MVP expression in the prediction of clinical outcome of locally advanced oral squamous cell carcinoma patients treated with radiotherapy
1 Radiation Oncology Department, Hospital Universitario de Gran Canaria Dr. Negrín, Barranco de La Ballena s/n., Las Palmas de Gran Canaria, CP 35010, Spain
2 Instituto Canario de Investigación del Cáncer (ICIC), Las Palmas de Gran Canaria, Spain
3 Clinical Sciences Department, Universidad de Las Palmas de Gran Canaria
4 Department of Maxillofacial Surgery, Hospital Universitario de Gran Canaria Dr. Negrín, Las Palmas de Gran Canaria, Spain
5 Department of Pathology, Hospital Universitario de Gran Canaria Dr. Negrín, Las Palmas de Gran Canaria, Spain
Radiation Oncology 2012, 7:147 doi:10.1186/1748-717X-7-147Published: 29 August 2012
To explore the role of Major Vault Protein (MVP) in oral cavity squamous cell carcinoma patients.
Subjects and Methods
131 consecutive patients suffering from oral cavity squamous cell carcinoma were included in the study. In the whole series, the mean follow-up for survivors was 123.11 ± 40.36 months. Patients in tumour stages I and II were referred to surgery; patients in stage III-IV to postoperative radiotherapy (mean dose = 62.13 ± 7.74 Gy in 1.8–2 Gy/fraction). MVP expression was studied by immunohistochemistry in paraffin-embedded tumour tissue.

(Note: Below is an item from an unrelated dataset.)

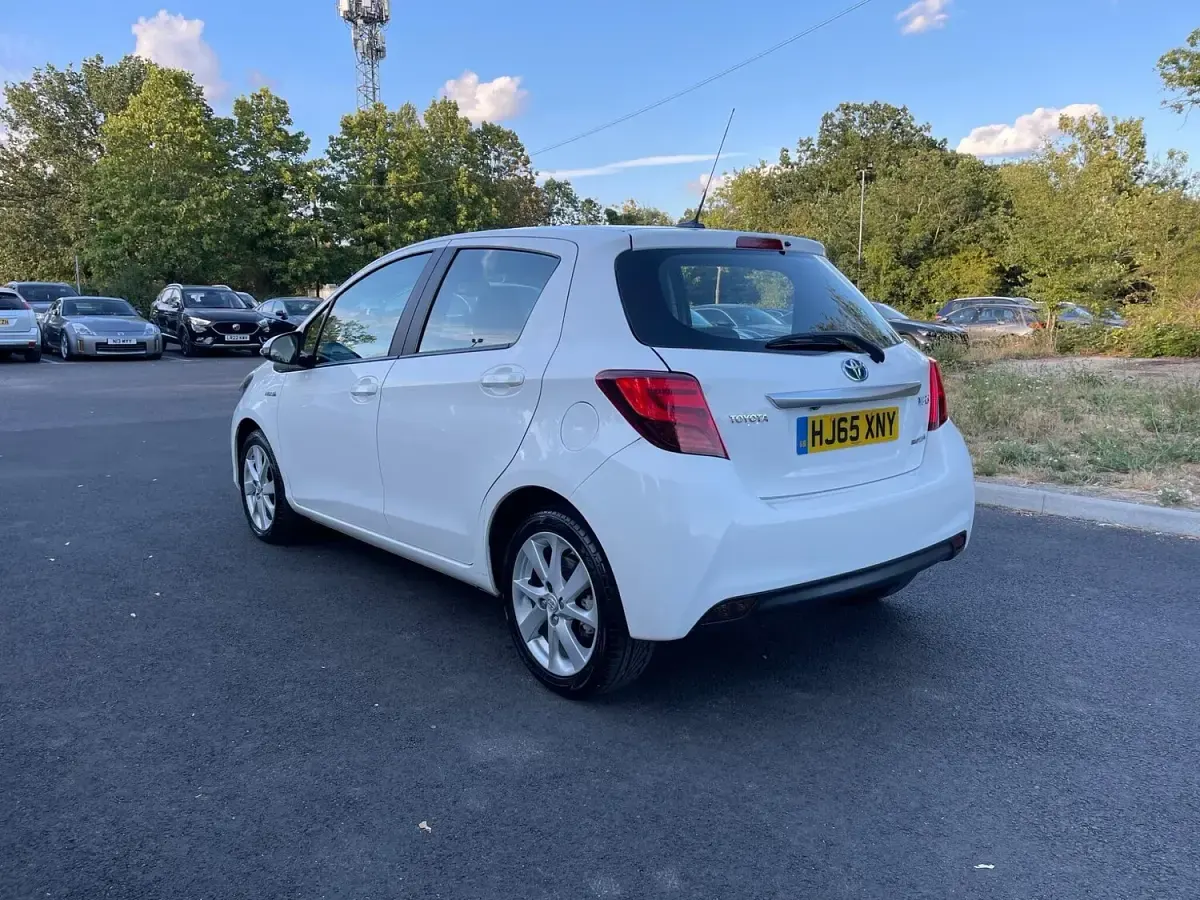 Used Toyota Yaris 100 HP (73 kW) 2015 White Hatchback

MVP expression was positive in 112 patients (85.5%) and no relation was found with clinic pathological variables. MVP overexpression (those tumours with moderate or strong expression of the protein) was related to insulin-like growth factor receptor-1 (IGF-1R) expression (P = 0.014). Tumour stage of the disease was the most important prognostic factor related to survival. Tumours overexpressing MVP and IGF-1R were strongly related to poor disease-free survival (P = 0.008, Exp(B) = 2.730, CI95% (1.302-5.724)) and cause-specific survival (P = 0.014, Exp(B) = 2.570, CI95% (1.215-5.437)) in patients achieving tumour stages III-IV, in multivariate analysis.
MVP and IGF-1R expression were related in oral squamous cell carcinoma and conferred reduced long-term survival in patients suffering from advanced stages of the disease.